George Matzkov's The Stems1984-87, is a primo keepsake of dozens of professional quality black and white photos of the band snapped at all phases of their tenure.  But why a pictorial anthology of this band, who had a predominantly regional following?  Much like opting to scale Mount Everest, "Because it's there."  In the case of Matzkov, the photos - hundreds of them perhaps, were "there," languishing in shoeboxes, and warranted a larger audience.  1984-87 charts the Stems evolution from mop-topped coiffed rascals to modestly more contemporary looking young-adults by books end.  The Stems farfisa-laden tunes, while impeccably performed, weren't particularly serious or weighty.  To the contrary, the pictures consistently reveal the quartet in an almost unflinchingly austere and distinguished demeanor.  The Dead Milkmen and Oingo Boingo should have been so lucky as to have had Matzkov document their respective trajectories, but I digress.  I'm keeping my fingers crossed for a second pressing of this slim but impressive visual dossier.

Accompanying the book is a CD of live Stems material, culled from multiple concerts, some of which were heavy on covers, and fitting ones at that - The Stones, Count V, Easybeats, Blues Magoos, and even the Plimsouls all get the Stems makeover.  In the link below, I've set you up with two tracks from the disk, plus a pair of Stems classic studio sides, that were anthologized on Citadel Records Buds anthology.  You'll also be treated to one song apiece from Dom Mariani's excellent power pop act The Someloves (who ran concurrently with the Stems) and his even more prolific '90s outfit, DM3.  I've even tossed in a few page spreads of the book to whet your appetite.  The Stems 1984-87 is available from High Voltage books in Australia. 


The Stems
Tears Me in Two
Psychotic Reaction (live)
Zero Hour (live)

Someloves - Back on Side With You
DM3 - 1x2x Devastated


Tuesday, April 29, 2014

Crocodile Shop - Head ep (1987, Susstones)

Crocodile Shop underwent an unbelievable and IMO, unfortunate metamorphosis not long after this extremely promising ep was released.  A brief synopsis can be read on their Wiki page, but I prefer to speak only to their Head ep, issued on the Minneapolis-based Susstones Records.   Head's five numbers were a synthesis of what Game Theory and Let's Active had served up just a few years beforehand, albeit Crocodile Shop slightly retooled that winsome formula with a tad more aggression.  In fact, this (mostly) excellent disk could've easily passed for a Mitch Easter production.  For the record, the band later disavowed it.  I should add the last two songs, "Think of Things" and "Eyes Getting Louder," merge right into each other.  I did my best at editing the transition, strictly by personal estimation.  Hope you like.

01. April Reigns
02. Superheroes
03. Along For the Ride
04. Think of Things
05. Eyes Getting Louder


Monday, April 28, 2014

Springtide will lift me, take me across...

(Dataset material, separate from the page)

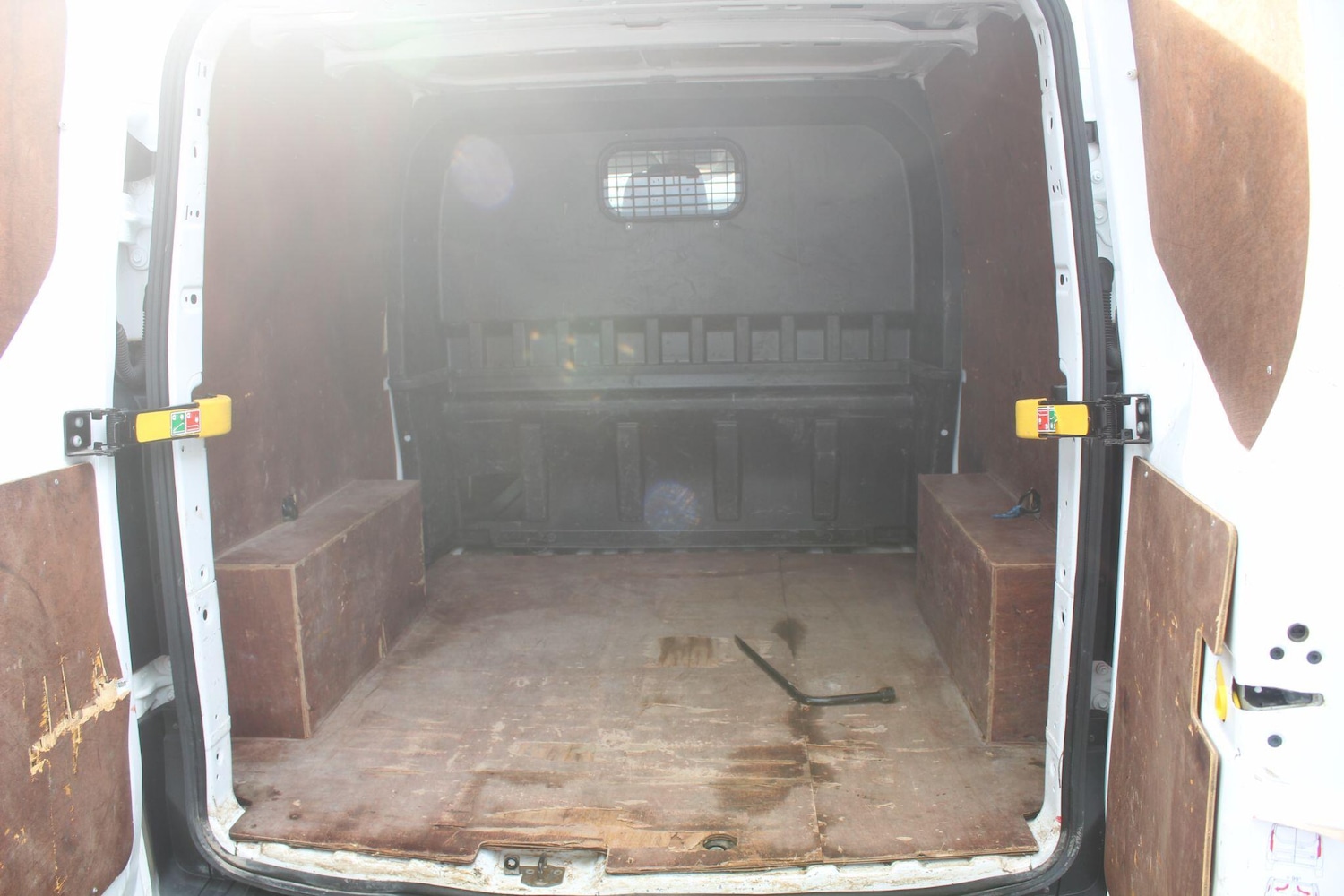 Used Ford Transit Custom 2019 for sale - 77510039: Photo 13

Should've been huge.  Reissue of 1986 classic with six bonus tracks.

Sunday, April 27, 2014

The Bon Mots - Best Revenge (2013) - A brief overview

My primary grievance with Chicago's Bon Mots is the sheer infrequency of their albums (only three in the past ten years), but luckily, when they finally get around to laying down some new compositions they make it count.  Best Revenge is their first since 2008's Forty Days and Forty Nights With the Bon Mots, and the warm, lived-in tenor of that sophomore disk manifests itself even more effortlessly here.  You can attribute much of that urbane penchant to the Mot's songwriting duo of Eric Chial and Mike Coy, whose harmonies would be taking on trademark status in a more perfect world. 

Boasting an array of rich, alluring hooks couched in a vague power-pop subtext, The Bon Mots suggest what Cotton Mather might have conjured up had they been in the same company as Rhett Miller and Ted Leo.  You know that cliched "sweet spot" we've heard so much about over the ages?  Well, not only does it exist, it's actually satiated on multiple occasions on Best Revenge.  "All The Way (Down)" commences things on an assertive note, in di regueur Bon Mots fashion, not over or underplaying anything one iota.  A bit further in, "Galahad" embraces a sprite, bouncy lilt, while the demonstrably looser "Rome's Burning" toys with half a Stones-y lick or two, maneuvering as smoothly as say, The Figgs.  Better yet, the empathetically sobering "All Your Horses" and "Granted" harbor a semblance of uplift, in the manner that Sloan executed so deftly on Twice Removed.  In a nutshell, the Mots nail it for the third LP in a row. 

You can hear (and preferably purchase) all of the aforementioned on Bandcamp, not to mention the Bon Mots brief back catalog.  Best Revenge is available exclusively as a download for the time being, with a physical release to hopefully follow this year.

Thursday, April 24, 2014

Tribeca - Incident at the Metropolis (2006, Granada)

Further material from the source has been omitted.